Burnt rubble and equipment lines Long Hungry Creek Farm in the aftermath of a barn fire on Oct. 26.

After standing for approximately 80 years, the Barefoot Farmer -- Jeff Poppen -- had his barn on Long Hungry Creek Farm in Red Boiling Springs burn down within eight minutes on Oct. 26.

No people or animals were harmed, but the farm lost numerous plants and tools in the fire before it was contained.

The cause of the incident is unknown as the barn was not powered by electricity, and the battery-powered tractor inside was not connected.

"It was an old tobacco barn," Poppen said. "We were still using it for hay and had a couple hundred bales and to dry and cure garlic. I'd been saving this seed for over 40 years. Down below, I had a bunch of farm and mechanical tools, as well as a tractor."

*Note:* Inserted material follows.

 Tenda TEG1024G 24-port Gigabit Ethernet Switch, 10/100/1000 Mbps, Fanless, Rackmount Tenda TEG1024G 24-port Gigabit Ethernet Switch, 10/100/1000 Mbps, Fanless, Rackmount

Since the fire, community members have reached out to help Poppen's effort to rebuild the barn, whether by donating supplies or contributing to a fundraiser.

"Our community has been extremely supportive," Poppen said. "We've had a lot of phone calls. A neighbor brought me some hay. The mail is full of garlic seed. Out of anything bad, good comes. We're just having to live with and accept it."

According to Poppen, the next growing season could prove challenging without a barn to store hay, crops and animals. However, he is content to let things unfold and confident in the rebuilding process.

"Eventually, I will have another tool shed, another storage area," Poppen said. "I'm not going to be rushed into building something. I'm just not used to looking up and seeing the sky instead of the barn."

Long Hungry Creek Farm sends fresh, organic vegetables to an estimated 150 patrons in the Nashville metropolitan area. The farm also hosts an internship program that has used the barn to house participants.

"It is our greatest joy to grow food for our community in a manner that is sustainable and regenerative to the land," Kristina Rossi, the farm's business manager and administrative assistant, wrote on a GoFundMe page for the rebuilding effort. "We want to continue teaching others how to do the same. Appropriate storage space and housing for our interns is critical for us to continue practicing and teaching sustainable agriculture."

Long Hungry Creek Farm's GoFundMe campaign seeks to raise $80,000 to cover the losses from the fire and can be found online at www.gofundme.com/mgv5q-barn-rebuild.

As of Friday, the community has raised more than $14,000 toward the goal.

"The support (we've received) is very humbling and makes me feel like I'm a part of this community," Poppen said. "I'm not from here, and I don't have family in the area like a lot of people do. So, that acceptance means a lot."